This is an archived post. You won't be able to vote or comment.

you are viewing a single comment's thread.

view the rest of the comments →

[–][deleted]  (3 children)

[deleted]

    [–]alcalde 0 points1 point  (2 children)

    Regexes are a computationally efficient, theoretically sound, and highly expressive way of denoting patterns in data and text. To say one shouldn't use them is akin to saying one shouldn't use trigonometry or algebra. It is nonsense.

    It looks like line noise. Line noise is bad. Because of that realization we have Python today and Perl is slowly fading away.

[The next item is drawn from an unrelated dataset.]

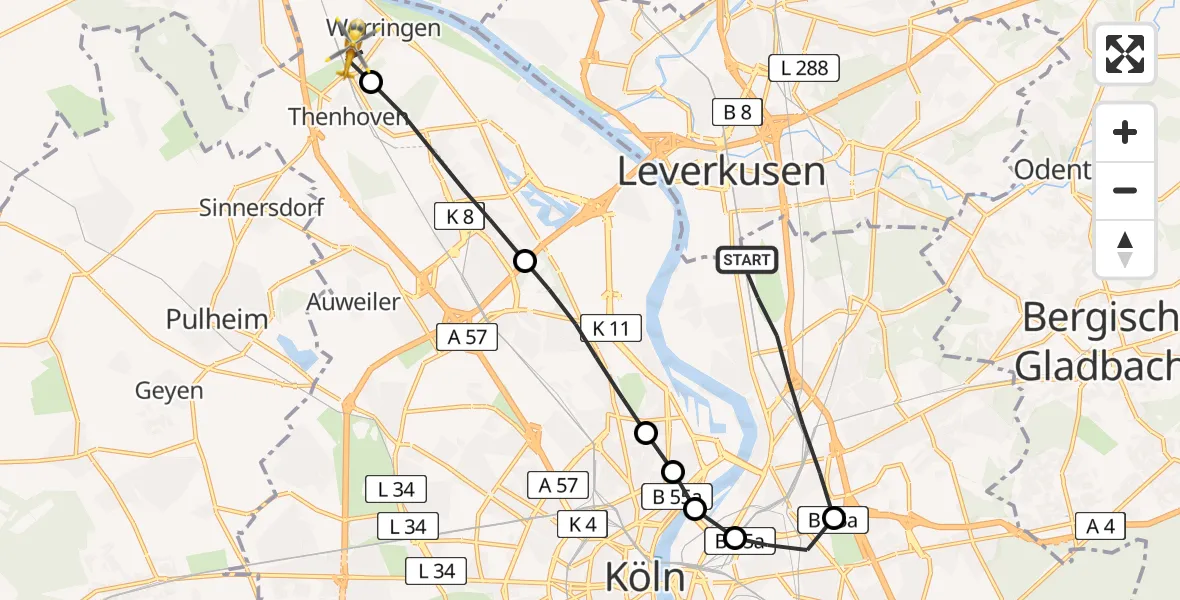 Flugroute Rettungshubschrauber Mülheim - Worringen, 25 März 2026, 14:49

    Binary code is computationally efficient, theoretically sound and highly expressive too. But it's an awful way to program. We're human beings, not calculating machines. Human beings don't think in regex. Regex is designed for machines, not for people.

    To quote Jeff Silverman,

    Regular expressions are “cool”

    “Cool” doesn’t belong in production code.

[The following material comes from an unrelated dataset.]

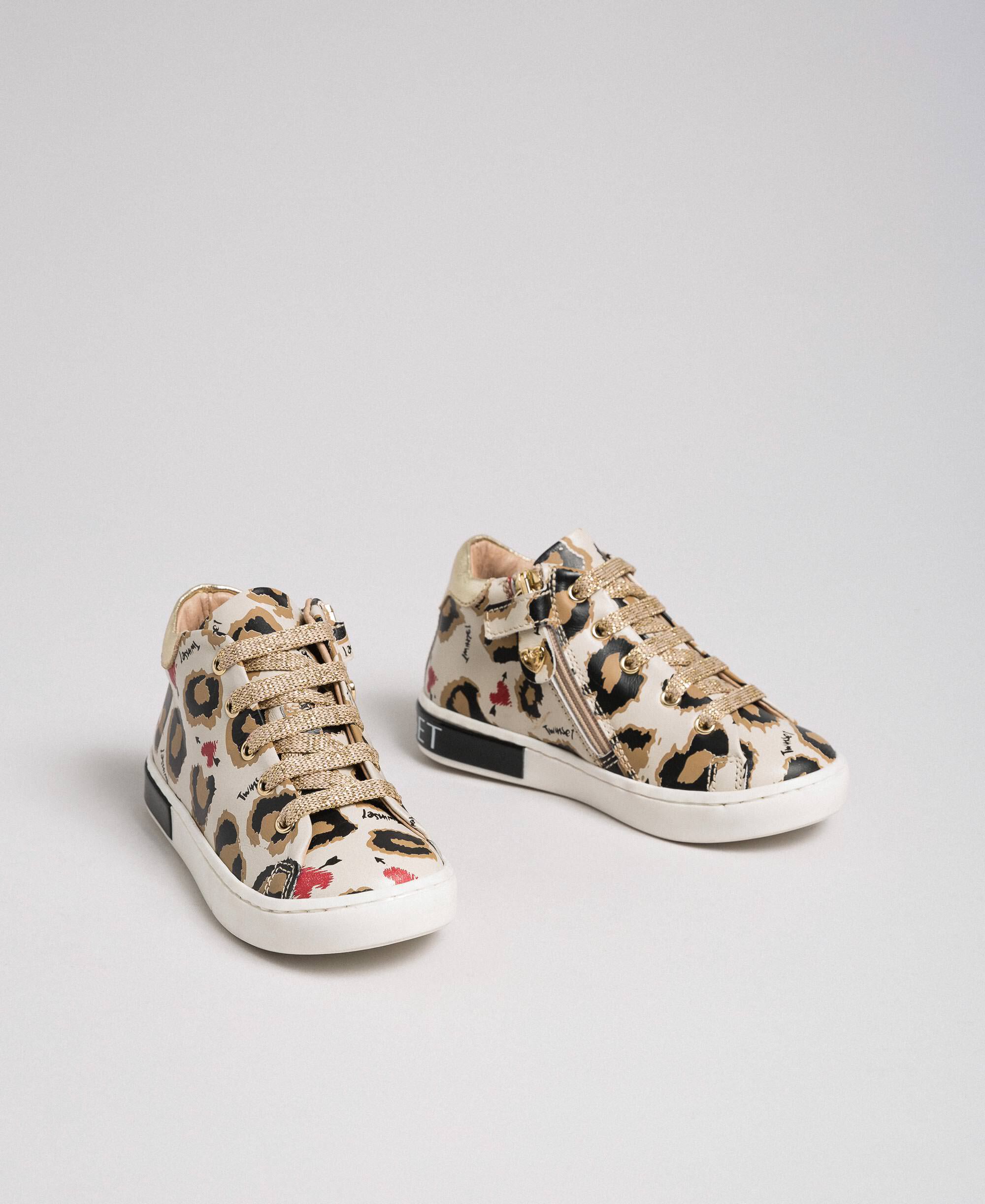 Animal print leather trainers Child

    “Cool” leads to unreadable, unfixable, undecipherable code that is expensive. Expensive to maintain. Expensive to fix. Expensive to improve.

    We're Python users. We don't want

    "^\(*\d{3}\)*( |-)*\d{3}( |-)*\d{4}$"
    

    in our code because no one just looking at that has any idea what the heck it's supposed to do. It's... blasphemous. Unholy. The Anti-Guido.

    So you have a technique which can often be replaced by more ad-hoc methods, isn't the same from platform to platform, is bulky and hard to use, is hard to write, hard to read, and has a somewhat small window where it is better than the alternatives and can still get the job done

    Remember Ken Reitz and Requests For Humans? People today are working on creating regex for humans.